Emmitouflés sous quatre couches de pull-over et une chaude parka, Raad et Wissam, 33 et 27 ans, accrochent des banderoles, montent des abris et donnent un coup de main là où les envoient les organisateurs de l'épreuve française de Coupe du monde de combiné de Chaux-Neuve qui s'est tenu ce week-end. "Pour nous, c'est un honneur, on veut participer aux joies et aux peines des gens qui nous ont accueillis ici et c'est le moyen de dire merci à la France, de rendre un peu de ce qu'on nous donne", explique Raad, les yeux bleus rieurs et les cheveux roux dissimulés sous un bonnet.
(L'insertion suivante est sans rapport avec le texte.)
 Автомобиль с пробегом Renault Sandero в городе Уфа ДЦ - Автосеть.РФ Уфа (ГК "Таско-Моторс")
La famille Hadaya a fui Qaraqosh, l'une des villes irakiennes où vivaient le plus de chrétiens, à l'arrivée de l'organisation Etat islamique (EI), en août 2014. Réfugiés à Erbil, au Kurdistan irakien, ils ont demandé l'asile en France, espérant éviter le redoutable périple entrepris par des centaines de milliers de personnes fuyant la guerre, par la mer, la Turquie et les Balkans. Après deux ans d'attente dans des conditions "très difficiles", ils ont été autorisés à rallier la France en avion.
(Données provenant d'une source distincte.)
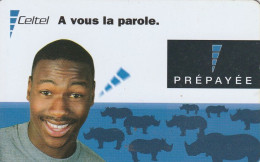 PREPAID PHONE CARD REP DEMOCATRICA CONGO  (CV5293 - Kongo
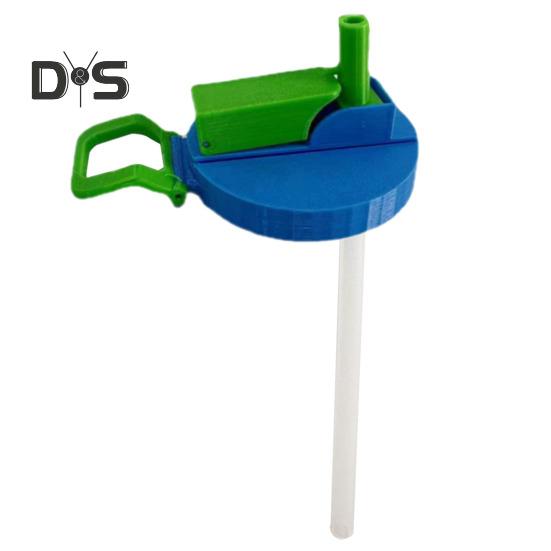 Крышки для банок с газировкой, соломинки без бисфенола А, крышки для банок с газировкой, пивом, соком, многоразовая крышка для банок с напитками, пивом, соком, сельтерской водой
Le contraste entre la chaleur de leur ville natale et les températures polaires de Chaux-Neuve, près de Mouthe - "la petite Sibérie française" - est cinglant. Mais "les gens nous avaient prévenu +le froid arrive, le froid arrive !+ et ils nous ont prêté des vêtements chauds !".
Ultra-motivés
Raad, professeur d'anglais, et son neveu, carreleur, a travaillé avec les quelque 500 bénévoles de cet évènement emblématique du massif du Jura où se pressent chaque année près de 15.000 visiteurs. "Ils sont ultra-motivés, adorables, toujours disponibles et surtout, ils parlent anglais, ce qui tombe à pic, car avec les athlètes étrangers et la Fédération internationale de ski, tout se fait en anglais", se réjouit le coordinateur de l'épreuve, Samuel Lopes. "C'est un vrai coup de main", ajoute-t-il, alors que les deux Irakiens arrivent sur le site en saluant tout le monde, ravis et déjà adoptés par les bénévoles locaux.
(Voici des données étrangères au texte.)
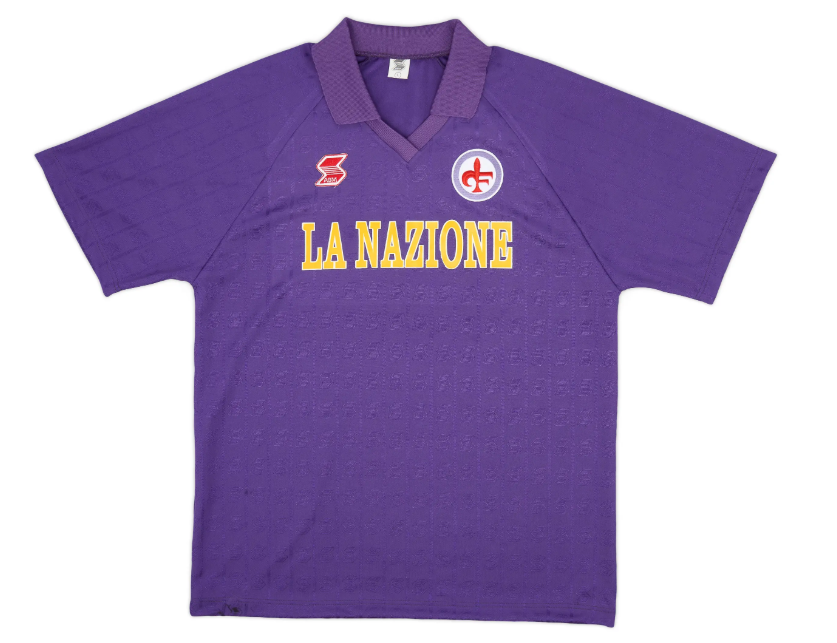 1989-90 Fiorentina Home Shirt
Les dix membres de la famille Hadaya, dont les deux grands-parents septuagénaires et trois enfants en bas âge, vivent depuis l'été 2016 à Mouthe, petite commune de 1.000 habitants, accueillis par l'association Accueil et solidarité des Hauts du Doubs. Malgré le traumatisme du déracinement, "quel soulagement de trouver un endroit où vivre en sécurité et où mettre les enfants à l'école", confient Raad et Wissam, dont l'objectif est désormais de faire valider leur permis de conduire irakien et d'apprendre le français pour pouvoir trouver un emploi.
À Mouthe, il y avait quelques réticences concernant l'accueil des réfugiés, mais "ils se sont vite intégrés, les gens ont tout de suite vu que c'était des gens très bien, très agréables et très polis", racontent Gilles Goelzer et Denis Pagnier, membres de l'association.
"On doit être de bonnes personnes avec ces gens qui font tant de choses pour nous", estime Raad, qui s'est fait "de nombreux amis", notamment à l'église où sa famille se rend tous les dimanches. Mais la douleur de l'exode, la perte de leur vie passée se lisent dans les yeux sombres de Wissam qui tente de rester en contact avec ses proches sur internet. "Nous attendions la libération de Qaraqosh. C'est fait. Mais les églises, les écoles sont détruites, les maisons ont été brûlées", déplore-t-il. "Donc pour l'instant, c'est difficile d'imaginer rentrer. On verra dans le futur, un futur qui est très incertain".